Mancano ancora due giornate prima che cali il sipario sulla Ligue 1, già messa in cassaforte dal PSG di un Thiago Motta ormai più verso la panchina che nei pressi del cerchio di centrocampo. L’annuncio del suo ritiro al termine della stagione corrente è arrivato nei giorni scorsi, confermato da una lunga intervista con la Gazzetta dello Sport nell’edizione cartacea di questa mattina.

Madrid, Barcellona, Genova, Milano e proprio Parigi sono state le tappe fondamentali nella carriera dell’italo-brasiliano, forse la prima grande scommessa vinta dal Grifone dal suo ritorno in Serie A nell’era Preziosi. I ricordi si sprecano, le fotografie vengono ripescate e qualche componente di quella squadra è persino destinato a tornare dalla lontana Russia.

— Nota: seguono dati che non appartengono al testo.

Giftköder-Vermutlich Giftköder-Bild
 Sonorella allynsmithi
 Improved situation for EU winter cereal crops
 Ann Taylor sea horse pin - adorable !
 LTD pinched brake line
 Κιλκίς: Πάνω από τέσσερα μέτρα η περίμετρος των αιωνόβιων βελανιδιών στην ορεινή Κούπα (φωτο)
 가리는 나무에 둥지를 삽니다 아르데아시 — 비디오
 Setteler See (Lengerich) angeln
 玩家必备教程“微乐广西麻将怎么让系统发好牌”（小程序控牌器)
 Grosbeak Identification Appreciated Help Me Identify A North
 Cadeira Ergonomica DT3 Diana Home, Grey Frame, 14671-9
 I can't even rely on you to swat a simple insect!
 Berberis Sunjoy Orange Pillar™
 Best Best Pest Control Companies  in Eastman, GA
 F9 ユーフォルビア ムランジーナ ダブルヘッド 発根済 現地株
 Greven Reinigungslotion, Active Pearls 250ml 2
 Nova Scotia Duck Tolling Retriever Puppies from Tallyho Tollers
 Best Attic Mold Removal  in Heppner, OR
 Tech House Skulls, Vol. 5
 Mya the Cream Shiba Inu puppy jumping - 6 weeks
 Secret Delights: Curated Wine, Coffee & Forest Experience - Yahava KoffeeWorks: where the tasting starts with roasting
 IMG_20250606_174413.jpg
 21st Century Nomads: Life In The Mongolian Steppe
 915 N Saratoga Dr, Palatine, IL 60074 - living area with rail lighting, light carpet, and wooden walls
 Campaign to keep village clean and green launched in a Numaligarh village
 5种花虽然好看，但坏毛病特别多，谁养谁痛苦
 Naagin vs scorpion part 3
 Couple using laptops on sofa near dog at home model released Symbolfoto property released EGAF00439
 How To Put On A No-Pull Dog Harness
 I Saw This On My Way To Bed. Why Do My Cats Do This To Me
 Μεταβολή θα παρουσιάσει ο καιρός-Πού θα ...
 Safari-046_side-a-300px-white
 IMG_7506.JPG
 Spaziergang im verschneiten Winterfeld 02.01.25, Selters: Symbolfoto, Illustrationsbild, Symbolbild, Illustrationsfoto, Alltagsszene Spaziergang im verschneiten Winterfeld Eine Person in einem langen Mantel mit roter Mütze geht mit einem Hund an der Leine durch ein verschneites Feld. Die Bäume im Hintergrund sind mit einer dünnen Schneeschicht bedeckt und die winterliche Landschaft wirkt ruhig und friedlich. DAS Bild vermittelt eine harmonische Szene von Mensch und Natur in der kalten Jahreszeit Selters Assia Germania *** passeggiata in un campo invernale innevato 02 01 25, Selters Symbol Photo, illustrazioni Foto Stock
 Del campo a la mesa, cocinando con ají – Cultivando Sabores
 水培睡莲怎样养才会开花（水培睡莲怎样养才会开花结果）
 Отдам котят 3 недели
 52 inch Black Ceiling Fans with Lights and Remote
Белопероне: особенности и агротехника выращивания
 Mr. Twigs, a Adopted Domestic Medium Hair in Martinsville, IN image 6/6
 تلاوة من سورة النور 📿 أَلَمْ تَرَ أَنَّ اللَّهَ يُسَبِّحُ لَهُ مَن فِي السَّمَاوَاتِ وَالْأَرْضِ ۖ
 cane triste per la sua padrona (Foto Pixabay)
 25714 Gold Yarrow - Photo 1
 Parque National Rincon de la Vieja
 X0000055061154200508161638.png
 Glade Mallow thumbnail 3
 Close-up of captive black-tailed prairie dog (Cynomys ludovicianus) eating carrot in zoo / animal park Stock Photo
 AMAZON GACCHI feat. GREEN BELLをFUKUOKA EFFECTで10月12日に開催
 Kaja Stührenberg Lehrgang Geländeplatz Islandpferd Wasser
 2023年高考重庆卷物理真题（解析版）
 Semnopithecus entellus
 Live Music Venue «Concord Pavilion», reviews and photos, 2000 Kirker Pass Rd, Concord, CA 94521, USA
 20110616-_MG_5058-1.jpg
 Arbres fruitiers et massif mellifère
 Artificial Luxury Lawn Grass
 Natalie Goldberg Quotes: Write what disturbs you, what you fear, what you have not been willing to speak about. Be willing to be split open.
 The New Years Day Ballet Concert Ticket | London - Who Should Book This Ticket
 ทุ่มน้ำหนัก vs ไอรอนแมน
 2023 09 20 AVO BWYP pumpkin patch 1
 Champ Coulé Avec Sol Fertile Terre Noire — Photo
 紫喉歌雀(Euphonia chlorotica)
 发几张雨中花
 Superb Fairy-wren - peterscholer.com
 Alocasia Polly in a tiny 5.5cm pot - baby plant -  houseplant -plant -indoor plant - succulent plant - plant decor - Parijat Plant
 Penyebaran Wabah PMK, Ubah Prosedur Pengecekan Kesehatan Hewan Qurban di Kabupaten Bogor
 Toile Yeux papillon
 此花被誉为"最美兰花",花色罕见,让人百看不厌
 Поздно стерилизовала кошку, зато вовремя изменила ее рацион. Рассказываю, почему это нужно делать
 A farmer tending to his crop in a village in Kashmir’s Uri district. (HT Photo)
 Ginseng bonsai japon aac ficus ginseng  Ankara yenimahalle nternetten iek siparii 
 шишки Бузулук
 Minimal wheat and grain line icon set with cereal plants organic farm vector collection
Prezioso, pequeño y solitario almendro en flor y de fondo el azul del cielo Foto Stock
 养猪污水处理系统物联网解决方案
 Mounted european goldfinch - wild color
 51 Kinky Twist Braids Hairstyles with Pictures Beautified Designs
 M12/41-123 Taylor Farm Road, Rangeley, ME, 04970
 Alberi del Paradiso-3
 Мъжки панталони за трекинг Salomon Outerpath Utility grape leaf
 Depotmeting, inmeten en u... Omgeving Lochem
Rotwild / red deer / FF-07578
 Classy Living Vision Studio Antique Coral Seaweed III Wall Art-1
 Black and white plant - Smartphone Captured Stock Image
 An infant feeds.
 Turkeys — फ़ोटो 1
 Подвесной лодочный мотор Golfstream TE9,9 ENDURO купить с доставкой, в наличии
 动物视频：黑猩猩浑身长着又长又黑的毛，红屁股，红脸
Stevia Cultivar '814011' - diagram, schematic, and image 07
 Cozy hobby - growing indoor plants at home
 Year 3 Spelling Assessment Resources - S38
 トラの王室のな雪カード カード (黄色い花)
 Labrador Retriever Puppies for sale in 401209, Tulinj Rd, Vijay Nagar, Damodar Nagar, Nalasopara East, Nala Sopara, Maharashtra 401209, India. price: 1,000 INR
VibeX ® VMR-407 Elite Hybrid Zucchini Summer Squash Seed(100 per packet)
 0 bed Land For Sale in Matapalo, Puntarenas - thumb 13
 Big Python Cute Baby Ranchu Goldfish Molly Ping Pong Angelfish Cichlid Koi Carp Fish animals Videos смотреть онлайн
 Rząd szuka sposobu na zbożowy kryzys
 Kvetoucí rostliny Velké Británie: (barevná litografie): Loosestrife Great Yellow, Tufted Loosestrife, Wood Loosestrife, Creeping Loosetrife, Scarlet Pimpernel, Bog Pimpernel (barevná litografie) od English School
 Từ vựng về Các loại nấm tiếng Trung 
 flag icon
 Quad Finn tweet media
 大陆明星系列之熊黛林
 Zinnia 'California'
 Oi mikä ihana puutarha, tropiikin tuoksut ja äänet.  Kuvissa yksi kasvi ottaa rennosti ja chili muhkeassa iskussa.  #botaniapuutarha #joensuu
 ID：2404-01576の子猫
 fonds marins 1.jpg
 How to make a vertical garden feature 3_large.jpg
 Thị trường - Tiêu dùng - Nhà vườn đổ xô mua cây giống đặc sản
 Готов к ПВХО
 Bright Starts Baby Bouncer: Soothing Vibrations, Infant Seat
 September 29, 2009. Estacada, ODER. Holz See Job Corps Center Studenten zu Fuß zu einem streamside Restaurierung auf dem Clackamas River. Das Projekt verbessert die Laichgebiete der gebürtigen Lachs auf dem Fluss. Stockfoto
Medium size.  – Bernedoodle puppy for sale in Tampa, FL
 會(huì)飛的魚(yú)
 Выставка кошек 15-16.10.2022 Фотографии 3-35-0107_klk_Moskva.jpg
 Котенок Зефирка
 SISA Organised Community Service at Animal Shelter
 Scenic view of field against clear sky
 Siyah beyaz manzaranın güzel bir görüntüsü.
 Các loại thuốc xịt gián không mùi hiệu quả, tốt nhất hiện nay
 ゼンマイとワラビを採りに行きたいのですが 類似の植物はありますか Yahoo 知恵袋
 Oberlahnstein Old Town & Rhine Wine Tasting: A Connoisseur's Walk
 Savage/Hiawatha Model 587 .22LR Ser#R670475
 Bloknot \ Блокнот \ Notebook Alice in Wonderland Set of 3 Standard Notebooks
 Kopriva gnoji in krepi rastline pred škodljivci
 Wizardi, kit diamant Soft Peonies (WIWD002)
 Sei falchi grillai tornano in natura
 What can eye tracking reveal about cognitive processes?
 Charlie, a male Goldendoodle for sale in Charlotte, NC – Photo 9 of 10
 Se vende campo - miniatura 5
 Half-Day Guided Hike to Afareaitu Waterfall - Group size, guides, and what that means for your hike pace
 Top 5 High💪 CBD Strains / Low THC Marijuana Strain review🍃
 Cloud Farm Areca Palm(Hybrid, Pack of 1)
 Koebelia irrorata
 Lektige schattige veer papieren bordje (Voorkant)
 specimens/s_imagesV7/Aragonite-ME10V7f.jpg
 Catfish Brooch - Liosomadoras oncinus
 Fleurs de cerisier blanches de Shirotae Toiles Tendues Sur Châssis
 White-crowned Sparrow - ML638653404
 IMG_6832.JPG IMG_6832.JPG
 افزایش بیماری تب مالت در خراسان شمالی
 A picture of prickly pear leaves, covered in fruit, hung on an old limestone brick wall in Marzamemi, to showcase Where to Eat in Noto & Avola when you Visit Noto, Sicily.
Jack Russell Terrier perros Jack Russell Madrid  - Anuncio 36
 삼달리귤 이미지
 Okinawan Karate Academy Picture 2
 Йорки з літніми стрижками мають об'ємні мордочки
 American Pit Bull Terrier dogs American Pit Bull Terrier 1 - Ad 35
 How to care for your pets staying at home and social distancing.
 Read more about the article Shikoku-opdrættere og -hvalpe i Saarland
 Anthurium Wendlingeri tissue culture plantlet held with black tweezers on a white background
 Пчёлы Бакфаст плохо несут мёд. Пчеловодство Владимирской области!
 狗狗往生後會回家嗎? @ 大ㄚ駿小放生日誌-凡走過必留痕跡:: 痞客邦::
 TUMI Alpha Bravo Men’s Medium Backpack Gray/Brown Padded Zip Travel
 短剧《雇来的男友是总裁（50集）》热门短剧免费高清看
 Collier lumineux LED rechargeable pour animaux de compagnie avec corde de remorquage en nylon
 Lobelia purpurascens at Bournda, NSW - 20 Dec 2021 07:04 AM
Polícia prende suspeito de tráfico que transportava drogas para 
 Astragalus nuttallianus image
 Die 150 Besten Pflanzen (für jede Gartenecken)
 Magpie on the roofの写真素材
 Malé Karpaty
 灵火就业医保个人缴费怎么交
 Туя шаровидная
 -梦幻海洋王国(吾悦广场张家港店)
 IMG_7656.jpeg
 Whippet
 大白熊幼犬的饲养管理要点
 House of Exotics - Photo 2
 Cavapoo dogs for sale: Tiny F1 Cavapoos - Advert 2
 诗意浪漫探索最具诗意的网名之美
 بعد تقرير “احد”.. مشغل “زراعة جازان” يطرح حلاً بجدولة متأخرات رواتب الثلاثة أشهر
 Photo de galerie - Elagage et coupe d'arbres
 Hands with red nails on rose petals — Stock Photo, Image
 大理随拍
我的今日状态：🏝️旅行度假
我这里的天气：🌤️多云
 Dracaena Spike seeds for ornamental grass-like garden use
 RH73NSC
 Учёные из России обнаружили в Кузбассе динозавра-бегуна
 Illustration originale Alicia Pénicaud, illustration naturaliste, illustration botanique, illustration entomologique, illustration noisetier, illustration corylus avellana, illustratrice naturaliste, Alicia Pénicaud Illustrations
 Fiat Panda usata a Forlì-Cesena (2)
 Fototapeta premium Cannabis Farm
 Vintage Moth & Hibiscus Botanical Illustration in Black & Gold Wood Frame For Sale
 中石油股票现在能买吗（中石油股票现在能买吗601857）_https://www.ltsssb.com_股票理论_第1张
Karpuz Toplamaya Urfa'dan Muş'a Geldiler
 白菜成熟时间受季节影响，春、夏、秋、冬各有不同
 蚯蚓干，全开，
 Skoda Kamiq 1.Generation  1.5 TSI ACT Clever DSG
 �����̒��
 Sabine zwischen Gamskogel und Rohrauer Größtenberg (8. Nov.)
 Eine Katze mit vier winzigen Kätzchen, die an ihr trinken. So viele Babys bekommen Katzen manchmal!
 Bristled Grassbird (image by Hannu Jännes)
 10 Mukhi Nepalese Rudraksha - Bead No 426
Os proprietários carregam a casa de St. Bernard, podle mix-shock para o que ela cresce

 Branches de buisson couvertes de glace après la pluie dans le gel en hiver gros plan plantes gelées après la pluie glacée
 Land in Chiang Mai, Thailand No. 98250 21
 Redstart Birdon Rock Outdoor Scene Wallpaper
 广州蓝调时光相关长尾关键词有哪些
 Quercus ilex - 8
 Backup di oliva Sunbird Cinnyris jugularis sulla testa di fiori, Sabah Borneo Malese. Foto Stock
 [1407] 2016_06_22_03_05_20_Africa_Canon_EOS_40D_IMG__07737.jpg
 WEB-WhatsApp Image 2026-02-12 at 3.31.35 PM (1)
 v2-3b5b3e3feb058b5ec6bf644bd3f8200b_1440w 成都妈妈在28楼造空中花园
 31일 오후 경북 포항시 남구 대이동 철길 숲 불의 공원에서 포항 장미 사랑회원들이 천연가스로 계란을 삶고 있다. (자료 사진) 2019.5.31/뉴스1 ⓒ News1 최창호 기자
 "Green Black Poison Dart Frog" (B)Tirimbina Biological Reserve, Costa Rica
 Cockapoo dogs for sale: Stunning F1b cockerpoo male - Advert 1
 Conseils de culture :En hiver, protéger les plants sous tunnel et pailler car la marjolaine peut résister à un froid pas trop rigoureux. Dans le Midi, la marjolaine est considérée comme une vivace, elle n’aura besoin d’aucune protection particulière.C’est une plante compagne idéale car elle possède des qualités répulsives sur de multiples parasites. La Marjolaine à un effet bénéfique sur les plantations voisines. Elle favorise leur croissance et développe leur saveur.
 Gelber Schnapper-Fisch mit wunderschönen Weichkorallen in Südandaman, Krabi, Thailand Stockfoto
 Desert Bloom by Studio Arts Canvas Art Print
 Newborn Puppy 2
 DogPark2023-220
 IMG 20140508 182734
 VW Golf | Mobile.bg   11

Non lo farà certamente Thiago, che all’età di 35 anni ha in testa il solo pensiero di “allenare un giorno il PSG”, scelta su cui avranno pesato anche i ricordi di Gian Piero Gasperini, “il mister che mi fece innamorare di nuovo del calcio” dopo anni di dolore. Non senza un pensiero per il passaggio sotto la Lanterna, tappa fondamentale per riprendere credibilità e volare un anno dopo all’Inter del Triplete. Con quel rimpianto per non aver mai giocato la Finale di Madrid, Thiago Motta anche a Parigi ha chiuso alla Thiago Motta, sostituito nel secondo tempo per ricevere una doverosa standing ovation allo Stade de France pochi istanti prima che venisse assegnato un rigore proprio al Paris Saint-Germain. Probabilmente, se fosse rimasto in campo, quel penalty l’avrebbe calciato lui. Poco male dirà, “è comunque il miglior finale che potessi immaginare”. Del resto ci è sempre voluto ben altro per spostare il fisico bestiale e la classe cristallina di Motta, capace di rialzarsi dopo tre operazioni al ginocchio ed alzare 31 trofei fino a dover dire basta. Anzi, a voler dire basta.